Watch the original stream (in Russian) from Nikolay Sheiko here – more details, examples and interesting Q&A. This summary is his summary in Russian, translated and expanded using an LLM.
Core Problems with Embedding-Based Search
Semantic similarity ≠ factual relevance
Words might match but the meaning is completely different
- No logical operations - Can’t handle “and”, “or”, “not” in queries
- No intermediate reasoning - Can’t look up abbreviations or definitions from other chunks
- Breaks on aggregations - Asking to “analyze weak and strong points across all posts” will match documents that literally mention “weak” and “strong” rather than performing actual analysis
- Query-document mismatch - Short user queries vs long documentation chunks differ in both length and phrasing
- Table handling - Terrible at understanding structured data
Example Where Embeddings Fail
User query: “Which departments, except Sales, didn’t meet KPI last quarter?”
What gets retrieved:
- “Q4 Report: Sales department brilliantly met KPI with record growth!”
- “Next quarter plan: all departments including Marketing should meet KPI”
- “Last quarter Development successfully met all KPIs”
Notice the problem?
Documents mention the right keywords but give opposite information.
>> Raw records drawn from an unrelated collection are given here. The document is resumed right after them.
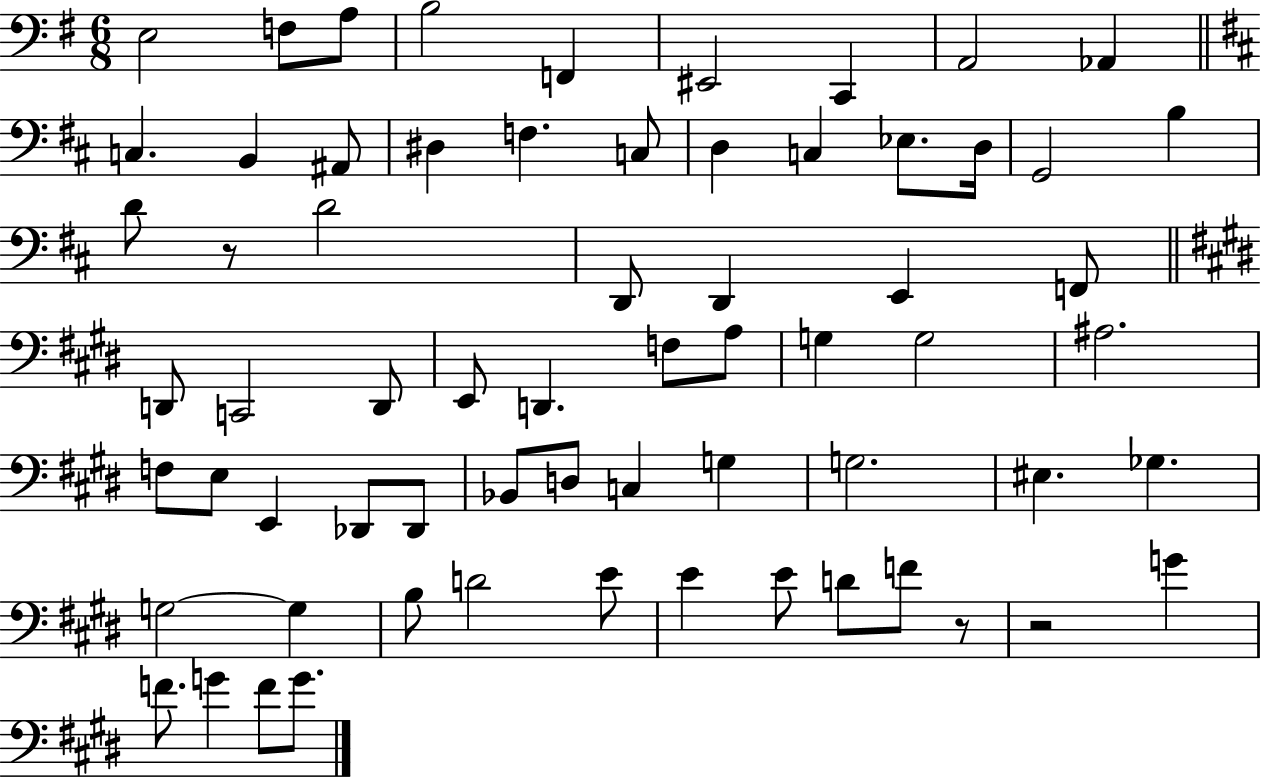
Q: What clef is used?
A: bass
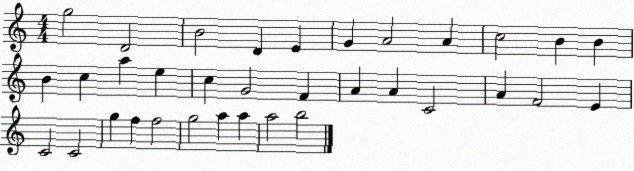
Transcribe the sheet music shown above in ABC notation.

X:1
T:Untitled
M:4/4
L:1/4
K:C
g2 D2 B2 D E G A2 A c2 B B B c a e c G2 F A A C2 A F2 E C2 C2 g f f2 g2 a a a2 b2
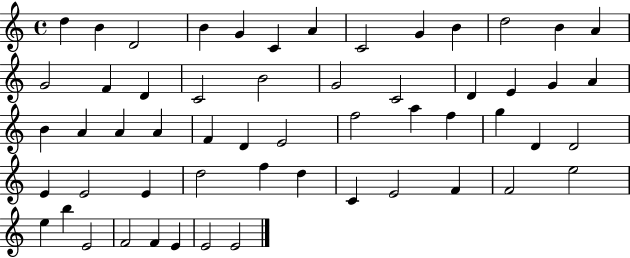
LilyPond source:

{
  \clef treble
  \time 4/4
  \defaultTimeSignature
  \key c \major
  d''4 b'4 d'2 | b'4 g'4 c'4 a'4 | c'2 g'4 b'4 | d''2 b'4 a'4 | \break g'2 f'4 d'4 | c'2 b'2 | g'2 c'2 | d'4 e'4 g'4 a'4 | \break b'4 a'4 a'4 a'4 | f'4 d'4 e'2 | f''2 a''4 f''4 | g''4 d'4 d'2 | \break e'4 e'2 e'4 | d''2 f''4 d''4 | c'4 e'2 f'4 | f'2 e''2 | \break e''4 b''4 e'2 | f'2 f'4 e'4 | e'2 e'2 | \bar "|."
}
Embeddings match words, not logic.
Treating Symptoms (Still Using Embeddings)
These help but don’t solve the root issue:
- Query rewriting/expansion + Instruction awareness
- Search chunk summaries → use full text for generation
- Generate hypothetical questions per chunk → search questions instead of content
- Add neighboring chunks at generation time for more context
- Reranking with a secondary model
- Document preprocessing while preserving structure (marker-pdf, docling, unstructured)
Treating the Root Cause (No Embeddings)
Approach 1: LLM as Search Engine
Instead of embeddings, use a lightweight LLM for retrieval:
- Run LLM across document pages in parallel
- Ask true/false for relevance to query
- Fast because parallelized across pages
Approach 2: Multi-Page Context Window
Even better - go aggressive:
- Feed hundreds of pages directly into the LLM (200-300k tokens even if window is 1M)
- Ask it to list only relevant page numbers
- Pass relevant pages to reasoning model for answer generation
Why Gemini 2.5 Flash rocks here
- Handles 200-300k tokens well
- Natively ingests PDFs without preprocessing
- Understands tables and images
Don’t Forget
Use structured output with chain-of-thought reasoning for intermediate steps.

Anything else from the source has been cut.